2. GAAP does not require full disclosure and thorough downside risk assesment.

This is a wrong statement.

3. GAAP does not require aggregate, much less an itemized lisitng of counterparties classed by counterparty credit ratings who hold securitized and unsecuritized obligations.

4. GAAP permits less than full specific itemization of current derivatives positions.

5. There appears to be less than adequate assessment of managment's estimates for derivative risk reserve set asides.

Has nothing to do with GAAP.

4. GAAP does not require timely mark to market estimates.

Wrong again.

5. GAAP allows risk to be transferred off balance sheet.

Transferred where?

6. Enron at the time of its collapse was in compliance with GAAP.
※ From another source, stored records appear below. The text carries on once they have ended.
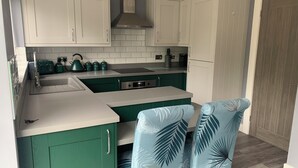 A kitchen with green cabinets, a white countertop, and a sink. There are green kettles and a toaster on the counter. - Impeccable 1-bed House in Aberdare (Aberdare)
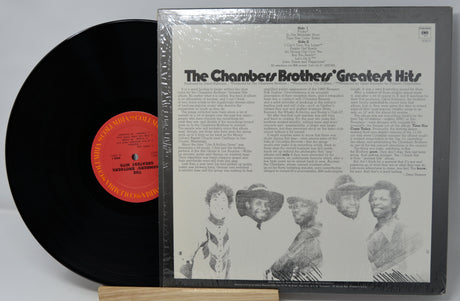Vinyl record and cover of 'The Chambers Brothers' Greatest Hits' on a gray background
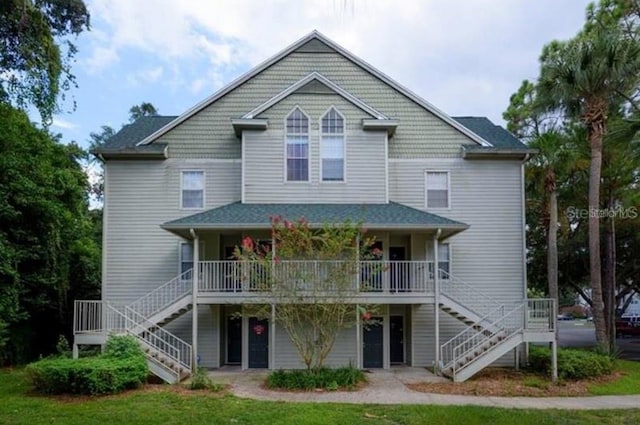 rear view of property with stairs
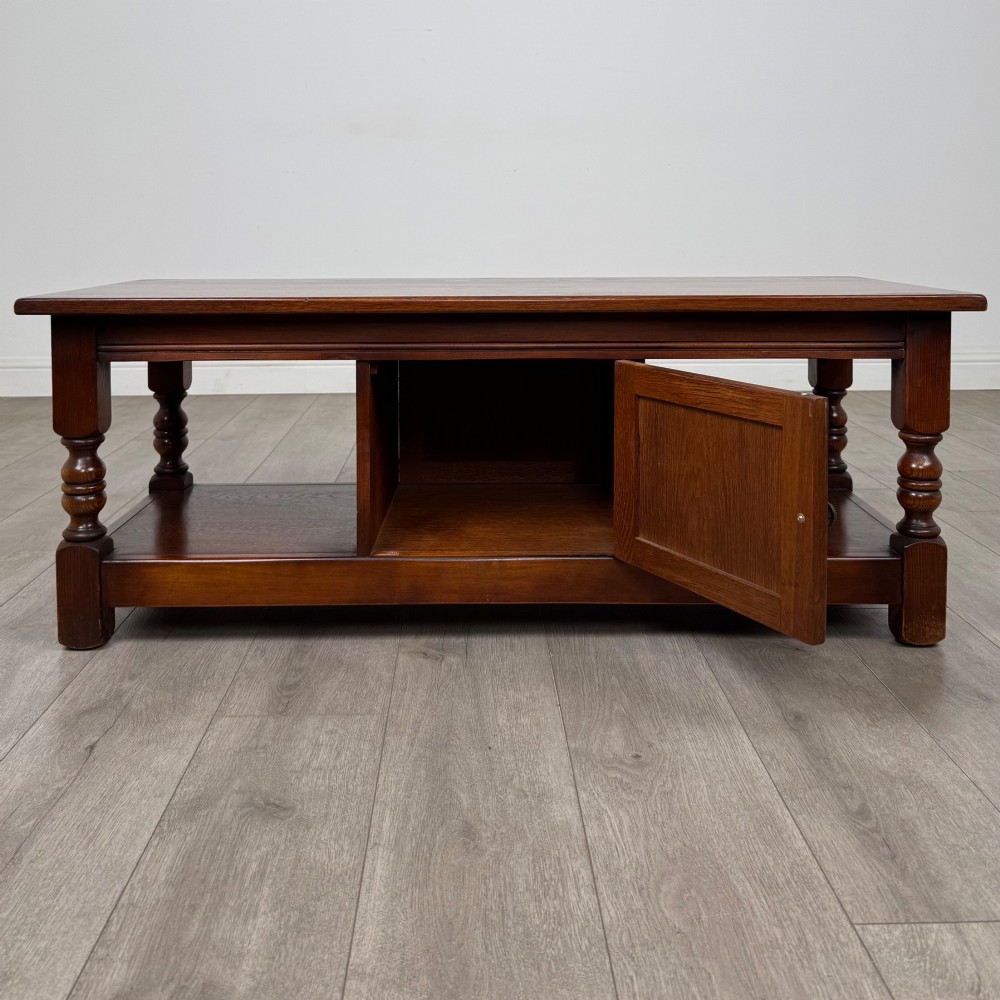 A low rectangular warm brown oak coffee table featuring turned baluster legs, a lower shelf, and a central cupboard door decorated with carved linenfold panelling. View II
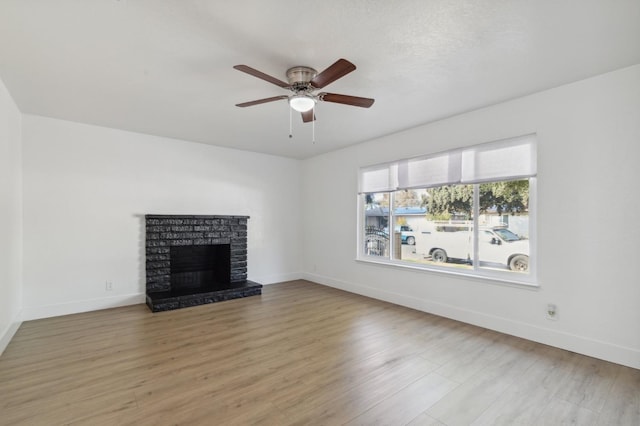 4756 E Woodward Ave, Fresno, CA 93702 - unfurnished living room with light wood finished floors, baseboards, a ceiling fan, and a brick fireplace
Wrong. Enron was a complete fraud. Why Anderson had to shred all the audit documents if everything was in compliance?
 
Quote from sjfan:

Our analyst (I work for a large buy side institution) called by the CFO and asked. The CFO didn't answer, so he called up the banks and asked them. Since we trade a lot of stuff with the banks, they clarified it for us. Now, none of the information the bank gave us were inside information - just stuff that are otherwise buried in hard to access but public sources.

But that sucks for you because you aren't a big account and thus no one will talk to you.

There's no legal doctrine that small investors should have the same information access as big ones - that's why there's economy in scale.


Thank you Sjfan for your feedback.

I appreciate you sharing this. That in order to make an informed decision, additional information beyond the filed statements needs to be gathered and verified before investing.

Shouldn't this be readily available and disseminated in some form? After all, this appears not to be proprietary information.

As you previously suggested there needs to a balance between putting too much burden on the filer vs accessable disclosure. But it's obvious the current system is not adequate.
 
Quote from kowboy:

Shouldn't this be readily available and disseminated in some form? After all, this appears not to be proprietary information.

As someone from the perspective of those who have the infrastructure to capture those information - of course not. It's there - go find it. The law should not, I think, require the equalization of all profit opportunities.

As you say, none of it is proprietary information. So what's the need for further regulation. If an investor doesn't have to resources to make use of these information, then he is not competitive, just as is the reality in any other industry.